Well, yes, it was different in many ways. On a sunny day I drove up the long driveway in Bentinck Township, north of Hanover, Ontario, with the barn half hidden by Manitoba Maple trees. There was Orval and Marion Becker, 83 and 81 respectively, sitting in their driveway on lawn chairs waiting for me.
They had purchased the farm in 1954, for $11,500, from the Patersons, who had taken the land out of the crown in 1855, making the Beckers only the second family to own it.
The Beckers started out farming in the traditional way , a mixed farm operation—milk cows, beef, chickens, eggs, pigs-- and crops that fed the livestock and a large vegetable garden that fed the family. “We had everything we needed at one time,” Marion said. Soon Orval purchased another two adjoining farms and expanded his operation into beef, milking cows and up to 800 laying hens.
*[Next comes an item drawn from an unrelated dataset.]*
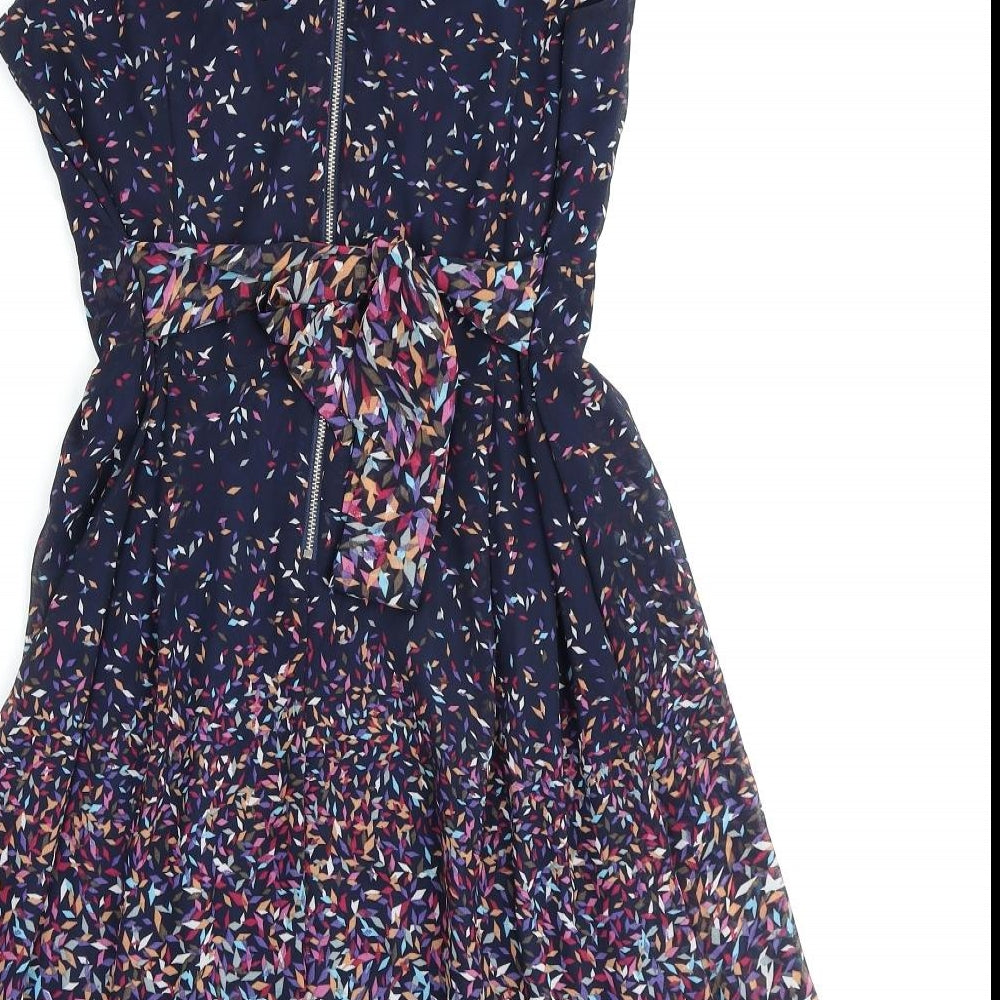 Goldkid Womens Blue Geometric Polyester A-Line Size M V-Neck Zip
The home farm had an unusual barn. The main barn was a 40 foot by 60 foot timber frame built in the 1880’s while the attached straw barn, 30 by 50 feet, built a few years later, was a little different. Because of the steep slope where the original barn was constructed into the bank, the second barn’s stables, were lower the main barn’s. And, it used to be a drive through barn, meaning two main doors that a horse and wagon could go in one side and come out the other, so at one time it was on ground level. Now one set of main doors are eight feet in the air! When Orval decided to go into the egg business, he built another floor in the straw barn to house his hens, with the windows still evident near the peak of the barn, making it a three-storey barn.
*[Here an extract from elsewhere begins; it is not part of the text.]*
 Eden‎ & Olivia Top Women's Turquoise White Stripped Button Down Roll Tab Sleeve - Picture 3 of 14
In about 1980 Orval sold all his commercial livestock and began a cash crop business. Although he was very busy at certain times, planting and harvesting, it left some time open for a passion he had, collecting antique vehicles. As I entered the main barn I was met with an amazing sight—the barn was full of antique cars of every description, and parts piled high in every corner. There was his first car he bought, a Model T Ford, and there was his favourite, a 1928 Erskine, so named after the Studebaker president. “People ask me what did you get all this junk for,” laughed Orval. When others heard of his collection they brought over their antiques and soon Orval had a part time business repairing antique cars and finding parts for customers. There is a field of cars behind the barn and two more driving sheds full.
When I asked him why he didn’t begin to sell some of those valuable vehicles , he told me he didn’t know where to begin. “Now everything I got makes me a prisoner to what I have collected.”
This year Orval had a local Mennonite repair his main barn as the gangway foundation was caving in. “You have to decide whether the barn is an asset or a liability,” he said. He laments the fact that so many are not being maintained and are falling down.